A cedência do embargo aos Aliados
Não restam portanto quaisquer dúvidas sobre a estratégia de obstrução que Salazar opôs às exigências aliadas de embargo. Do lado português, argumentou-se regularmente com o medo de um avanço do Exército Vermelho, que justificaria um apoio ao esforço de guerra nazi. Os aliados, cada vez mais impacientes, iam contraargumentando que os canhões alemães fabricados com volfrâmio português também serviam para matar soldados ingleses e americanos.

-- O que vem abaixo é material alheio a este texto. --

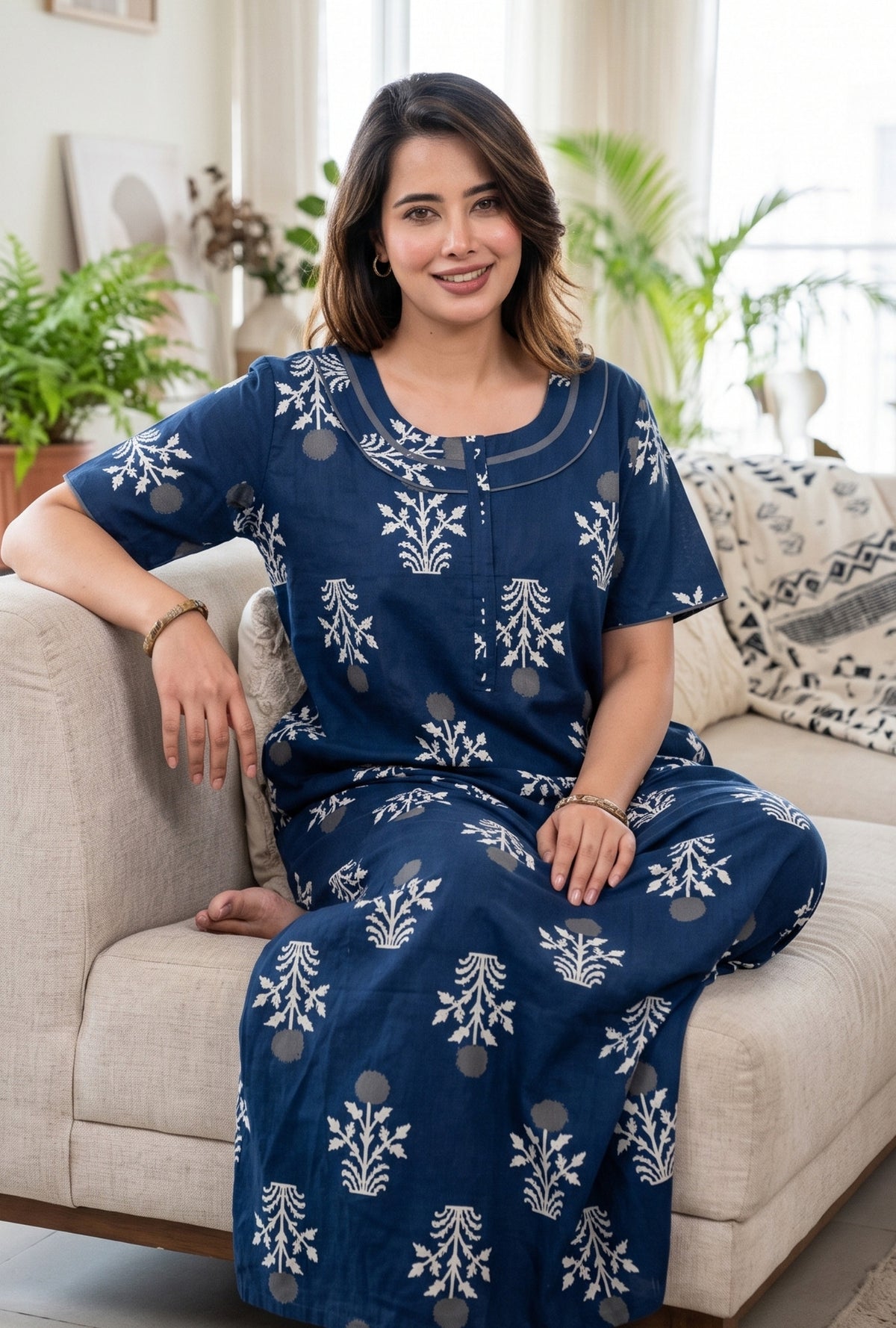 Imperial Bloom Blue Printed Cotton Night Gown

Mas, para além de argumentos e contraargumentos, os aliados preparavam-se neste caso, como também tinham feito no caso dos Açores, para tomar uma iniciativa unilateral. E iniciaram os contactos com militares e políticos do Estado Novo, incluindo o presidente da República, marechal Carmona, no sentido de prepararem uma alternativa a Salazar, por via putschista.

Mais uma vez, o astuto ditador intuiu o perigo iminente, e mais uma vez tomou uma decisão dramática: decretar o embargo de todas as exportações de volfrâmio. Fê-lo em vésperas do "Dia D" - essa operação militar anunciada e várias vezes adiada, que teve lugar há precisamente 75 anos. Por um triz, Salazar salvava-se de um golpe de Estado apoiado pela Inglaterra e acautelava a sobrevivência do regime por mais três décadas.